Dean Strang Has the Mic
Making a Murderer has brought him, and the justice system, to the national stage
Published in 2016 Wisconsin Super Lawyers magazine
By William Wagner on November 11, 2016
It’s showtime at the Chicago Theatre, and a throng has turned out to see America’s newest sensation: Strang & Buting.
They take the stage amid spirited applause. The venue is known for hosting musical acts, not suits from the legal community, but this isn’t a show in the traditional sense—it’s serious business. In fact, the stakes couldn’t be higher.
To most, Dean Strang and Jerry Buting are the lawyers who defended Steven Avery, whose controversial murder trial from a decade ago was depicted in the 2015 Netflix documentary Making a Murderer. The 10-part series became a pop culture phenomenon and so, in turn, did Strang and Buting. So, here they are on the latest stop of a national speaking tour, microphones in hand.
“Jerry and I were getting on with life, minding our own business,” Strang, 56, explains to the eager Chicago Theatre audience. “Then Making a Murderer came out. Effectively, Jerry and I were handed a microphone. We thought that, while we have it, we should use it.”
A few weeks later in a setting more within Strang’s comfort zone, his office at Madison-based criminal defense firm Strang Bradley, he expands on this point.
“Jerry and I really were handed a microphone, because suddenly people were interested in what we might have to say,” he says. “Given my debt to the legal profession, I think it’s a matter of obligation to use the microphone to useful ends: furthering a conversation about the strengths and weaknesses of our justice system, thinking about ways we ought to be improving the administration of justice. I can point to 100 other lawyers who might do a better job with the microphone than I would, but for the moment, it got handed to me.”
Despite his heady aspirations, Strang can’t seem to escape his new station in pop culture. When he’s reminded that The Guardian called him a sex symbol, he winces. And when it’s pointed out that a Tumblr called StrangCore deemed him a fashion icon, he winces again and squirms in his desk chair for good measure.

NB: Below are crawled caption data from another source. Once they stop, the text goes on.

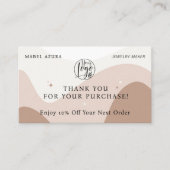 Boho aardetoon Sieraden maker Qr logo Kortingskaartje (Voorkant)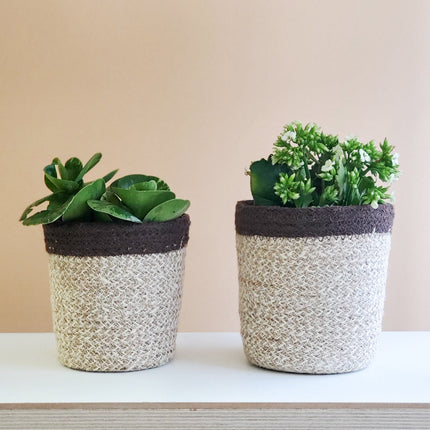 Agora Plant Basket - Brown-1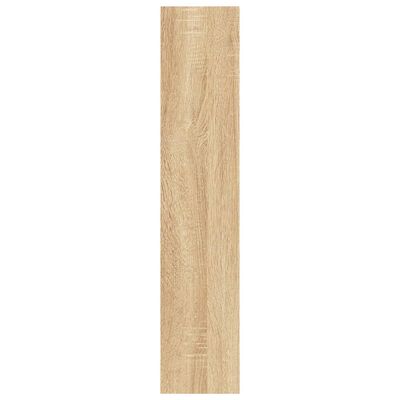 vidaXL Estantería de pared madera contrachapada blanco 90x16x78 cm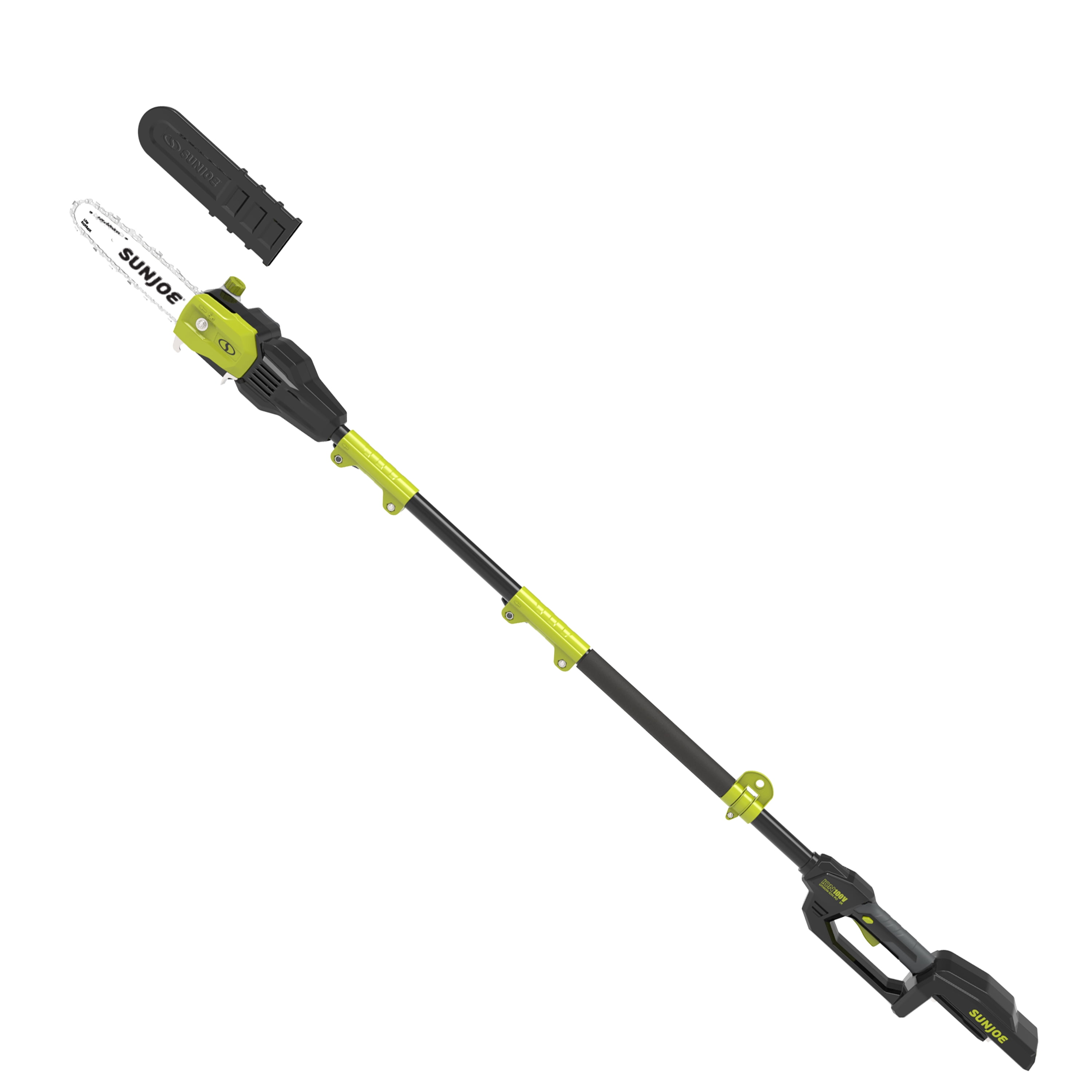 Sun Joe iON100V-10PS-CT 100-Volt iONPRO Cordless Modular Pole Chain Saw, 10-Inch, Tool Only - Image 3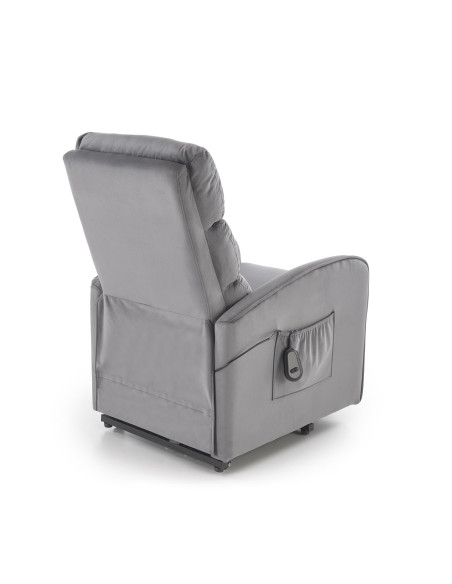 MARONI fotel wypoczynkowy popielaty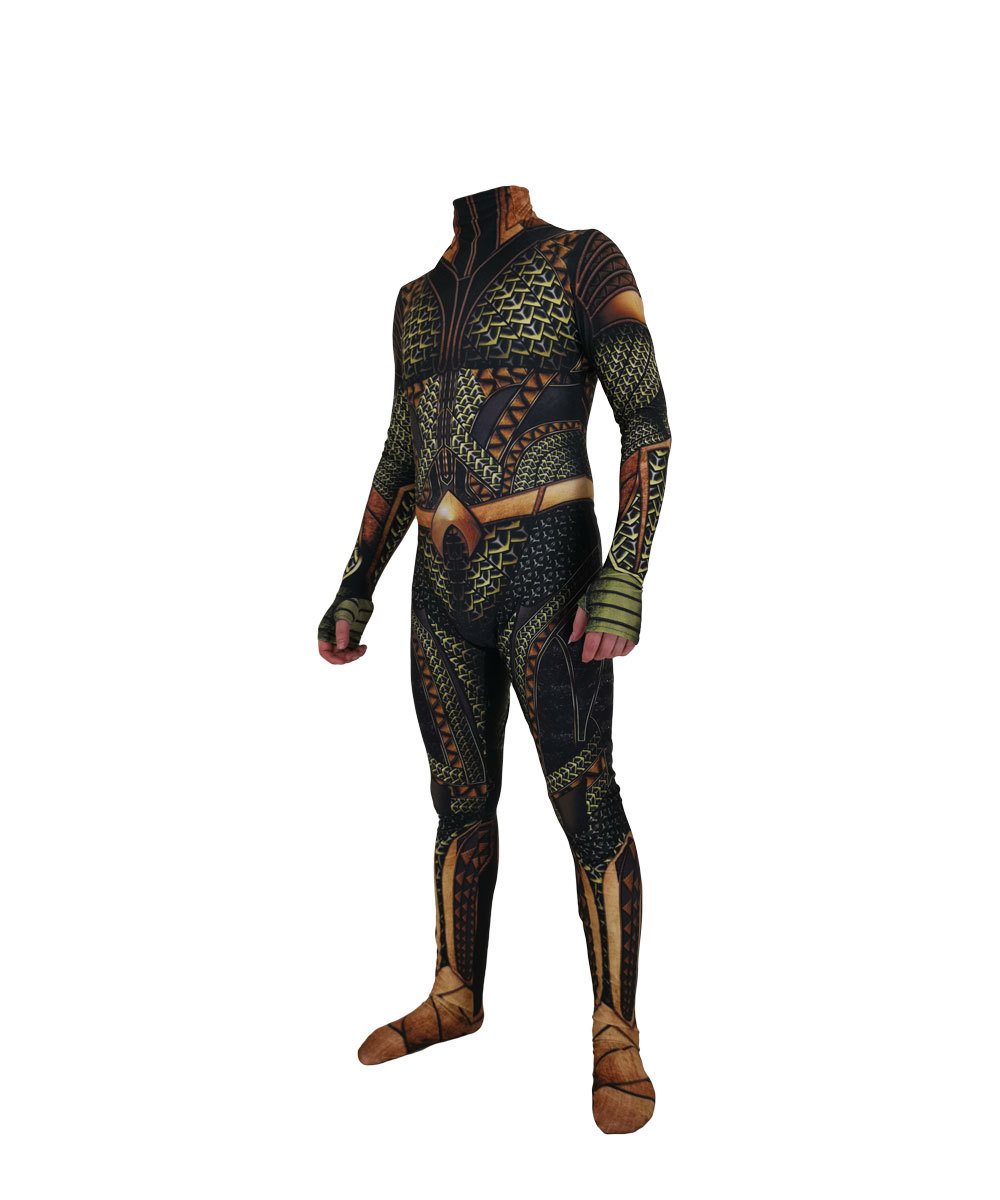 DC Aquaman Cosplay Costume Halloween Diver Cosplay zentai Suit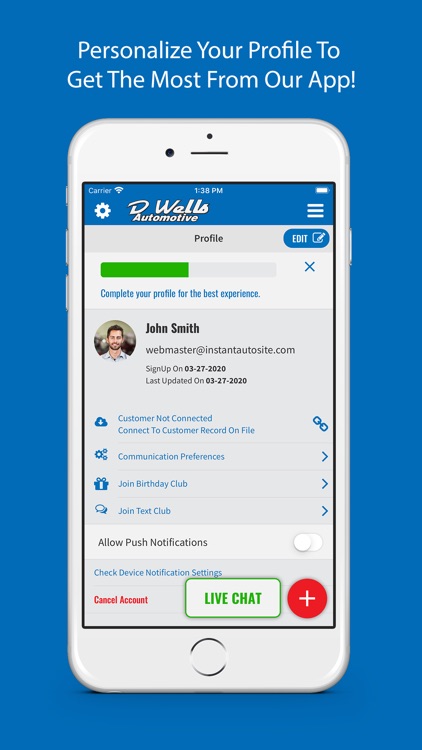 D. Wells Automotive Service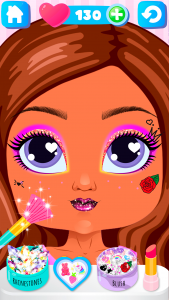 اسکرین شات بازی Makeup Offline games for girls 3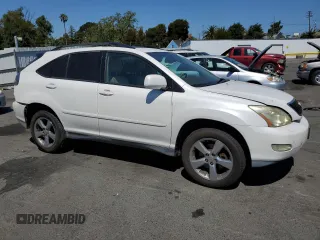 2005 Lexus RX 330 z VIN 2T2HA31U05C077320, wystawiony jako Copart lot #64674405 z przebiegiem 155 453 mil mil oraz Szkoda całkowita • Salvage title. Historia ofert i sprzedaży dostępna na DreamBid. Obrazek 4.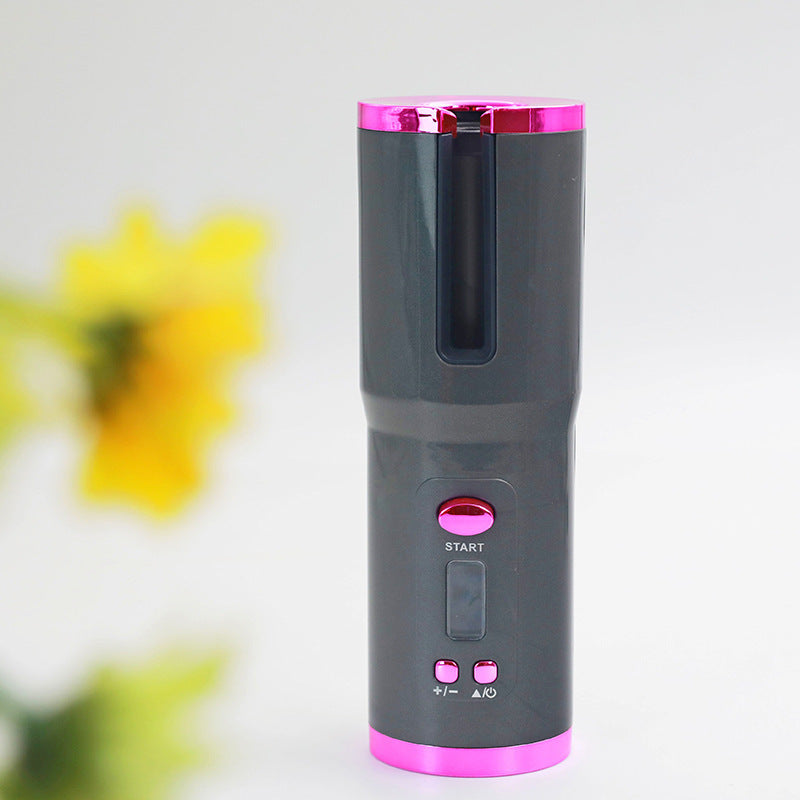 Fer à boucler automatique sans fil rechargeable – Boucles parfaites en quelques secondes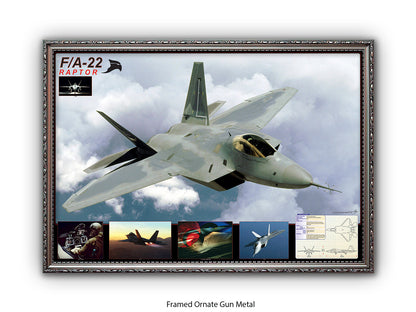 F/A-22 Raptor Stealth Fighter Poster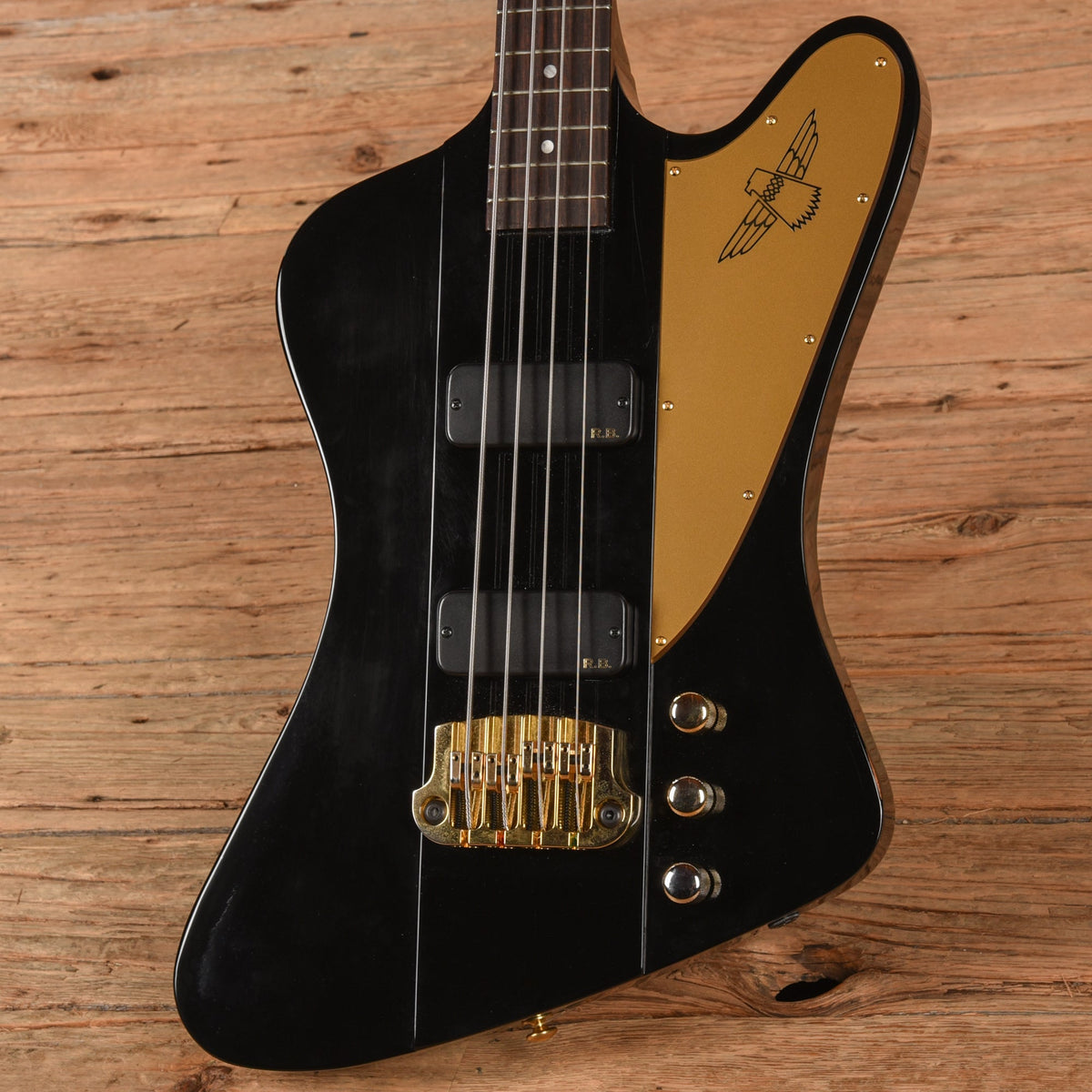 Gibson Rex Brown Signature Thunderbird Ebony 2023 - View 2 | MusicMarket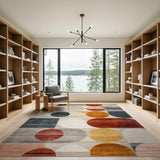 Multi-Color Geometric Overlap Area Rug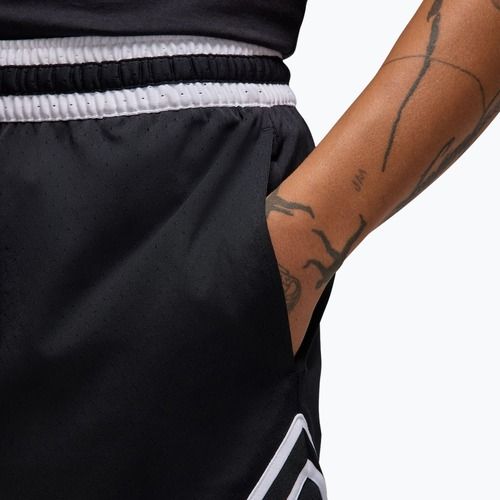 Herren-Basketballshorts  Jordan Mesh Diamond 4" black/white/white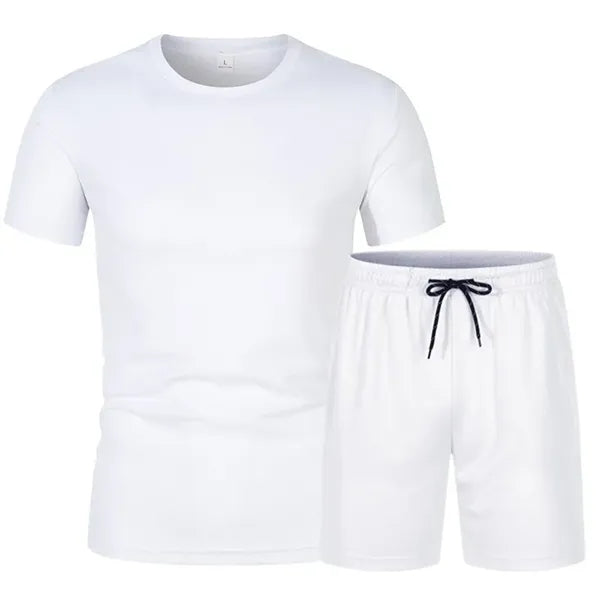 Sweatsuits Men's Athletic T-Shirt and Shorts Set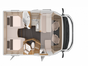 Hundemobil Knaus Sky Wave 700 MEG, mit Hundegarage, 4,4to, Einzelbetten, Vollausstattung - Galerie - Bild 4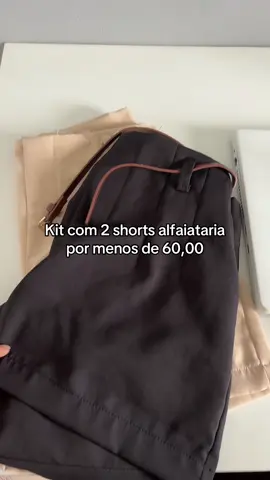 Achei no tiktokshop kit 2 shorts de alfaiataria por menos de 60,00! #tiktokshop #shortalfaiataria 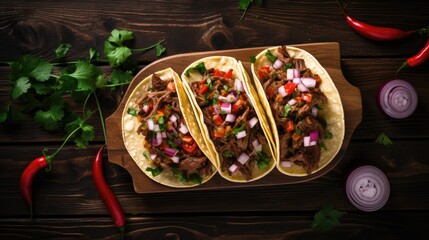 tacos de carne asada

Robert Henak, who cut his professional teeth alongside Strang in the early ’90s at the renowned Milwaukee criminal defense firm Shellow, Shellow & Glynn, laughingly provides a more accurate rendering of his former colleague: “He was definitely a nerd. That hasn’t changed any. He was a bookish kind of nerd.”
One of Strang’s mentors, Stephen Glynn, says he stood out from the moment he started working at Shellow, Shellow & Glynn.
“Dean was someone who had an interest in bigger and more important issues,” recalls Glynn, who is now mostly retired. “He recognized that criminal law is where the Constitution is the rubber hitting the road.”
Strang’s overriding objective following his graduation from the University of Virginia School of Law in 1985 was to do some good in the world. As corny as that may sound, it’s undeniable. Strang is in the business of changing lives.
Exhibit A is James Rostron, a former member of the Outlaws Motorcycle Club whom Strang represented in 1997. Rostron was charged with RICO violations and conspiracy as part of an alleged crime spree, and after approximately two months at trial, Strang orchestrated a plea bargain that lessened the charges to one count of a violent crime in aid of racketeering and carried a three-year prison sentence. Rostron believes his sentence would have been double that had it not been for Strang.
“I was in a group trial,” says Rostron. “Of the whole group, I had the least amount of charges, the least amount of things to worry about. But I know Dean put more effort into my case than any other lawyer for any other defendant. There was another defendant in the case who was looking at life [in prison]. He got appointed a public defender, and this public defender would show up in court with just his lunch bag and a little yellow legal pad. And Dean, representing the client with the least amount of charges, would show up with two huge book bags. When he was in the courtroom, he was prepared.”
Strang’s prep tells only part of the story. The relationship he developed with Rostron reveals the full scope of his sensibilities as both a lawyer and a human being.
“Meeting Dean opened my eyes to what a good person is,” Rostron says. “I couldn’t imagine anybody with better morals or ethics. He actually cared about Jim Rostron—I didn’t feel like just another client. That made him a valuable person to have in my life, so I kept in touch with him. He’s been a friend. We get together for lunch every year or two, and I always feel like he’s genuinely happy to see me.”
Since his release from prison in 2002, Rostron has tried to pay it forward. In the aftermath of Hurricane Sandy in 2012, he drove to New Jersey and volunteered for two weeks cleaning up wreckage. He’s performed other similar deeds, including providing relief in Washington, Illinois, and Moore, Oklahoma, following devastating tornadoes in 2013.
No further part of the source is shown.